» Exercise directions: Once the line with "this 474×315 image." is found in the material, write out that line and every later line exactly, through the end.

-------- Source data --------

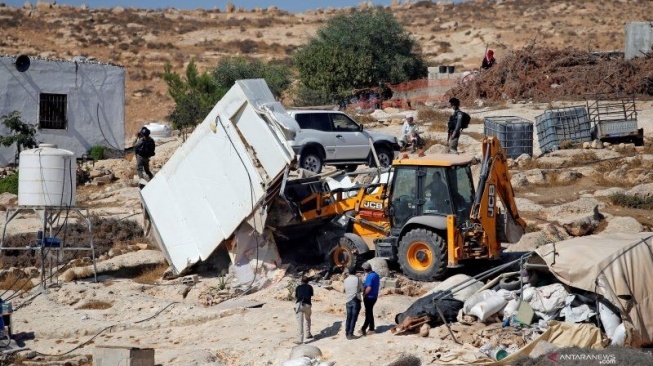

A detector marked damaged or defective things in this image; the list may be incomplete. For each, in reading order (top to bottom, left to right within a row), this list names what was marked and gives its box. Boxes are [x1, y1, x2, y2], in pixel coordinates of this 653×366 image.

broken wall panel [143, 80, 298, 274]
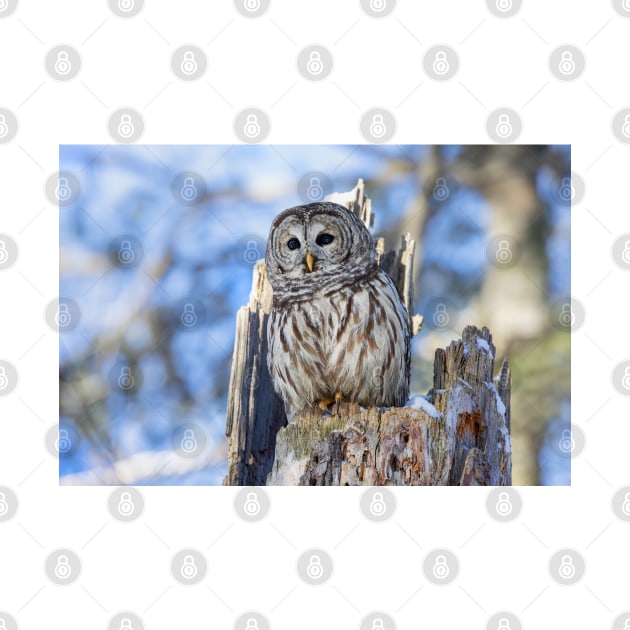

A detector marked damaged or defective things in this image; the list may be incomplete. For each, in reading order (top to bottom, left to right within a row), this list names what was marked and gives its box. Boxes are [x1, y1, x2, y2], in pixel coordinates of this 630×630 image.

splintered wood [225, 180, 512, 486]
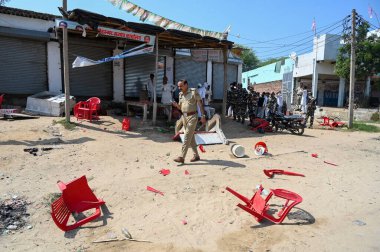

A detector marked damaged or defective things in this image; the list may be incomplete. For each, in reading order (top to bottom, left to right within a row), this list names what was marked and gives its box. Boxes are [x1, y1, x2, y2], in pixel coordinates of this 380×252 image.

broken red plastic chair [50, 176, 105, 231]
broken red plastic chair [226, 184, 302, 223]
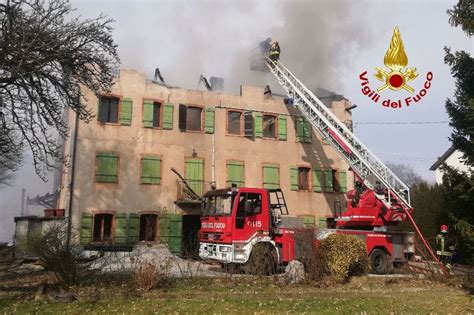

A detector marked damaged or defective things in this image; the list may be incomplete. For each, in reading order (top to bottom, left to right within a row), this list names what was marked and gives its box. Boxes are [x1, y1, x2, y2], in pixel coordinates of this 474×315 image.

broken window [98, 95, 119, 124]
broken window [179, 105, 203, 132]
broken window [93, 214, 114, 243]
broken window [138, 215, 158, 242]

--------

» The completed task:
A detector marked damaged or defective things in this image; the list may be incomplete. For each, in reading order (top to bottom, left to right within a row), this list names what was marked and gives its box. Boxes are [x1, y1, x2, y2], in pixel coordinates of this 474×315 image.

broken window [98, 95, 119, 124]
broken window [179, 105, 203, 132]
broken window [93, 214, 114, 243]
broken window [138, 215, 158, 242]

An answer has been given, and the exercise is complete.